Just quietly, if Orr in his speech - on behalf of the MPC - indicates that the OCR isn't high enough and unemployment needs to rise and/or inflation come down even faster, their credibility will take a nose dive and questions will be asked why they didn't raise higher way back in '23. Central bank rates need to be going up/down/held. Flipflopping around and sending mixed signals just creates an economic mess of uncertainty and real investment in further capacity gets delayed even further. (I expect Orr to confirm their current rate and warn markets that the current rate will be there for quite some time. What I think they should do is cut 0.25% but say that rate will be held 'for quite some time' to ensure the observable good trends continues. If they dare mention tightening the DTI ratios anytime soon it'll set of a house buying rush.)
It seemed like a big over-reaction to unemployment data that was heading in the "right" direction, and most likely going to keep going that way. A lot of the increases in salaries for public sector are unlikely to continue to rise at the same pace I would have thought.
Yup. The LCIs (Labour Cost Indexes) are divided between public and private sectors.
The public service got a decent cost of living increases before the election but the private sector has been trending down for over a year. Both LCIs will continue to fall as the economy contracts further (on a per capita basis). Bye, bye wage driven inflation (if you believe such things actually contribute much to inflation. I believe it's way, way over stated.)
https://www.nzherald.co.nz/nz/debt-to-income-aucklanders-need-almost-20…
Ladder being pulled up big time. People ( and their progeny) who borrowed millions for multiple properties based on paper gains are laughing.
The FT complains that falling EV prices in China mean "deflation." Ford sold the Model T for $850 in 1908, and for $260 in 1925, at the peak of the 1920s boom.
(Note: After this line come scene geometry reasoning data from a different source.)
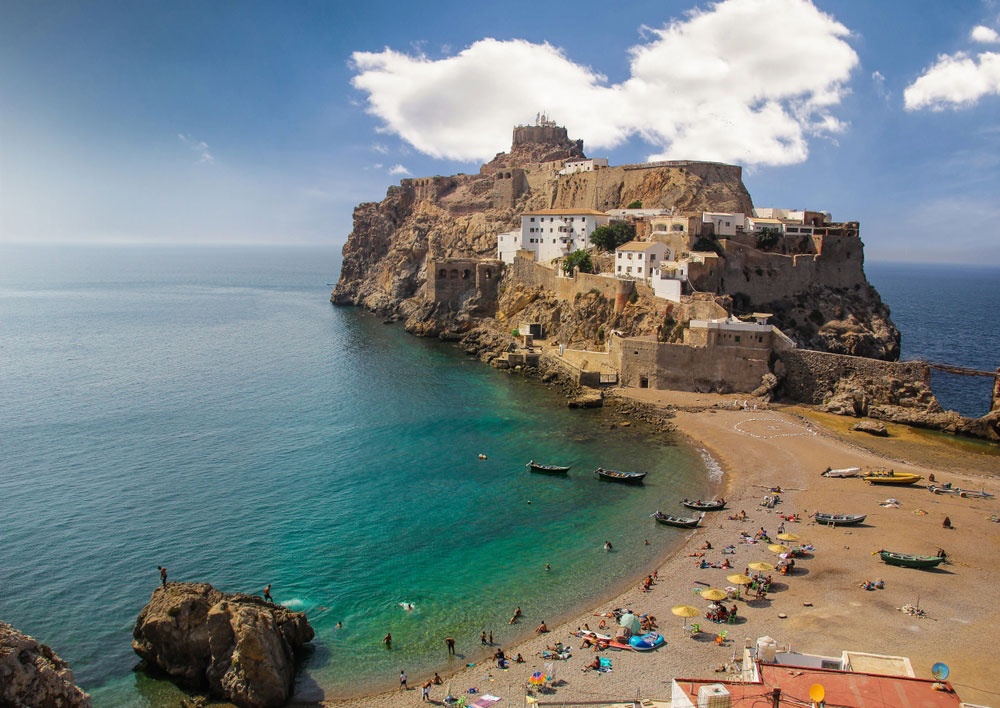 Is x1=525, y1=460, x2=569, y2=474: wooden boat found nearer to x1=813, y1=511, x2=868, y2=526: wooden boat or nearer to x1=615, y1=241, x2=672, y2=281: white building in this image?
x1=813, y1=511, x2=868, y2=526: wooden boat

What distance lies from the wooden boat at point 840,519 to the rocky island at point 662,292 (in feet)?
53.9

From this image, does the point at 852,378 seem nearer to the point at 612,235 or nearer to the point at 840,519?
the point at 840,519

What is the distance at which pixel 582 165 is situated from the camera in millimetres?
90000

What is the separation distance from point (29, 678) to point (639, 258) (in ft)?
171

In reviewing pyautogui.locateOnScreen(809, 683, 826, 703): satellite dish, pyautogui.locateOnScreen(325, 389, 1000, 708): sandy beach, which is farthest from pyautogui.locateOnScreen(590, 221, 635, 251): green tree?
pyautogui.locateOnScreen(809, 683, 826, 703): satellite dish

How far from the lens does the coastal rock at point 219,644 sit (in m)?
19.4

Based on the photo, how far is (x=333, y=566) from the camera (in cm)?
2722

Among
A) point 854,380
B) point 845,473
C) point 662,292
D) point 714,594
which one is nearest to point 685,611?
point 714,594

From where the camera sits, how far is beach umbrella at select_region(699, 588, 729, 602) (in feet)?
78.1

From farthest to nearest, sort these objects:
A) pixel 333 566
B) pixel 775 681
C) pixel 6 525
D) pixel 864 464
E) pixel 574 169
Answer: pixel 574 169 < pixel 864 464 < pixel 6 525 < pixel 333 566 < pixel 775 681

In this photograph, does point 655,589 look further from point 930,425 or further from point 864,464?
point 930,425

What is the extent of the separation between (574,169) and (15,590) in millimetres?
78130

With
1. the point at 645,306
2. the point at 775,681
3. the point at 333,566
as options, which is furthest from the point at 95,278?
the point at 775,681

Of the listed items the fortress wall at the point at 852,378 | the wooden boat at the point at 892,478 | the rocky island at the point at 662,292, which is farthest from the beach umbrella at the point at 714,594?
the fortress wall at the point at 852,378
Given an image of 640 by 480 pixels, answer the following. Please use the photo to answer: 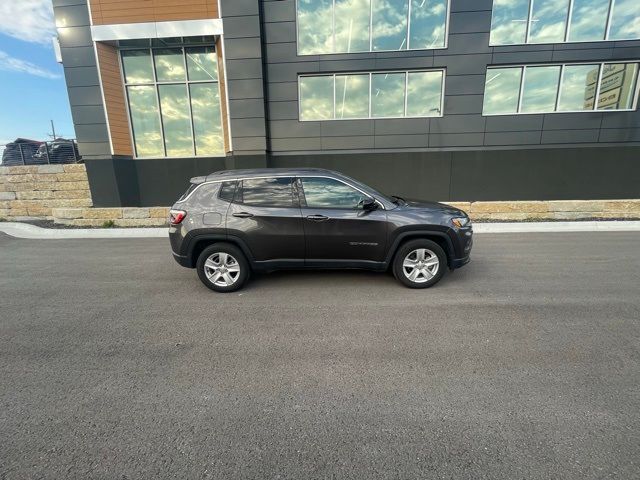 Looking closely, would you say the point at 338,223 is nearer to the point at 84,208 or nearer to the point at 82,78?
the point at 84,208

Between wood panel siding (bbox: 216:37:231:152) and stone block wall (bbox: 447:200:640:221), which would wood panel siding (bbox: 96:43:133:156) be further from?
stone block wall (bbox: 447:200:640:221)

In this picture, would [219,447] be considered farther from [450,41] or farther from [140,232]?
[450,41]

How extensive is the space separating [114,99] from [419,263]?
11.7 m

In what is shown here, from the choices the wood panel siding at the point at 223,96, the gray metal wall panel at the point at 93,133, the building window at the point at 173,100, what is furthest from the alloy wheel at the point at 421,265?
the gray metal wall panel at the point at 93,133

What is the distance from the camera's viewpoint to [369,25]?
9898mm

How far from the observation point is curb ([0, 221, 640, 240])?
800 centimetres

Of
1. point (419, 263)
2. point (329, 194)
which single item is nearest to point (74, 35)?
point (329, 194)

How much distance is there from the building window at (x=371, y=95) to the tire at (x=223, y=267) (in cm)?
763

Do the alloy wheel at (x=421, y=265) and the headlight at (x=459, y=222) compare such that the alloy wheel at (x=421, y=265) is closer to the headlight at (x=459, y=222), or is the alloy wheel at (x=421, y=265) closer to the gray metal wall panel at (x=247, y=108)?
the headlight at (x=459, y=222)

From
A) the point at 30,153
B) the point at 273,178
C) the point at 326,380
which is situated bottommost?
the point at 326,380

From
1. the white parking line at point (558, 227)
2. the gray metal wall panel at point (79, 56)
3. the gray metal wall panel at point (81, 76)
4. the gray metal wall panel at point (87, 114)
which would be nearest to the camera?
the white parking line at point (558, 227)

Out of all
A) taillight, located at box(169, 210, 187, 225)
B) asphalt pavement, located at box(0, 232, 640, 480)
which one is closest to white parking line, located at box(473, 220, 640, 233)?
asphalt pavement, located at box(0, 232, 640, 480)

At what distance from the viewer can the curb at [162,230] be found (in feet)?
26.2

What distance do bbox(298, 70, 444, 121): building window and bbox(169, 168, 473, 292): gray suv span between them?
7057mm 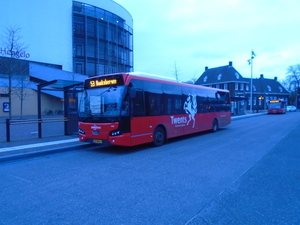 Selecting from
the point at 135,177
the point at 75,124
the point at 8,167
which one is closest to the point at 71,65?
the point at 75,124

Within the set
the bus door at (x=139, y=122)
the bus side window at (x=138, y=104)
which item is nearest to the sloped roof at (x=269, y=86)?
the bus door at (x=139, y=122)

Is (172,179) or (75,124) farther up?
(75,124)

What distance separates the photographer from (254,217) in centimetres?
361

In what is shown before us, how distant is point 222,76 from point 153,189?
57.8 metres

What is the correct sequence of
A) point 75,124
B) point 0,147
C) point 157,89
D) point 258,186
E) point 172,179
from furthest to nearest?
1. point 75,124
2. point 157,89
3. point 0,147
4. point 172,179
5. point 258,186

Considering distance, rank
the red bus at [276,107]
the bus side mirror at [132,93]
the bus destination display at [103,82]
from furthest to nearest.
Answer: the red bus at [276,107]
the bus destination display at [103,82]
the bus side mirror at [132,93]

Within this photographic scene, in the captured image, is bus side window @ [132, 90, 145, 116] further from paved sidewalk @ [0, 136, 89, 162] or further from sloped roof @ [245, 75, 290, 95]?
sloped roof @ [245, 75, 290, 95]

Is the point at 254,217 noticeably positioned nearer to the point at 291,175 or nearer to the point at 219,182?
the point at 219,182

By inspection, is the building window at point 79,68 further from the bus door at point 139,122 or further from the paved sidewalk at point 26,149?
the bus door at point 139,122

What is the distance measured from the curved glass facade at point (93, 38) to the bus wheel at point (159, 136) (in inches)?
1169

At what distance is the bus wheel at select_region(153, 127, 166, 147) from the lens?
9.90 meters

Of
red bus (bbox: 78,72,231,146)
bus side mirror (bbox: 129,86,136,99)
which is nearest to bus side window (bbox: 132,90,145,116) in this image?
red bus (bbox: 78,72,231,146)

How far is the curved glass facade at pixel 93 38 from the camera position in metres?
39.1

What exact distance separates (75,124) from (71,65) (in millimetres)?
27840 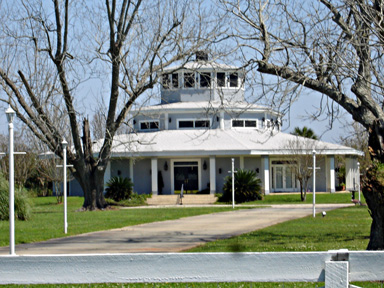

That's supposed to be a bad thing? https://ft.com/content/e06124 Link
BEIJING, Feb. 7 (Xinhua) -- China's vehicle sales surged 47.9 percent year on year in January 2024 to nearly 2.44 million units, said the China Association of Automobile Manufacturers on Wednesday.
Does anyone remember any disclosure about Jacinda offering to donate $30 Billion of NZ taxpayers money a couple of years ago?
https://www.bassettbrashandhide.com/post/barry-brill-an-absurd-ardern-a…
...ECB official is worried about structural changes in their banking sector and asset quality is starting to deteriorate.
If you have a property bubble obviously banks willing to take the most risk will be most profitable and first to be toasted by the end of that bubble.
The bitcoin price starts today at US$49,598 and up +2.8% from this time yesterday. And at that level it is now over NZ$80,000 for the first time since December 2021.
Most NZers will never own a whole Bitcoin at these prices. Part of the issue here is that the demand for ratty is 12x greater than the supply being mined. That demand is being generated by the likes of Fidelity and Blackrock.
If the long-term holders of BTC all dumped on the market, then that would obviously put downward pressure on the price. But 80% of available supply has not moved in the past year. Diamond hands.
This is where the ruling elite messed up. I don't think they expected the diamond hands to hold the line. The halving is just math so they can model this accordingly. They can't model human behavior.
Wonder what Ashley Church makes of it. Remember asset prices are only supposed to double every 7-10 years. Not every year for the past 15 or so.
Most simply just dont understand ratty. What it' is. Who it is. Why it works. The idea behind it. How to access it. For every billionare created there is a story luke the ex CEO of Mt Gox who got a bullet to the head for losing the wrong people's funds after they got hacked.
It is essentially anti FIAT, anti govt control, anti bank control, and immune from central bank interference and debasement. There are forks that are design to be transaction untraceable.
The global banking elite must be very wary. It is an unstoppable vote of no confidence in FIAT and its abuse by the elite and central banks.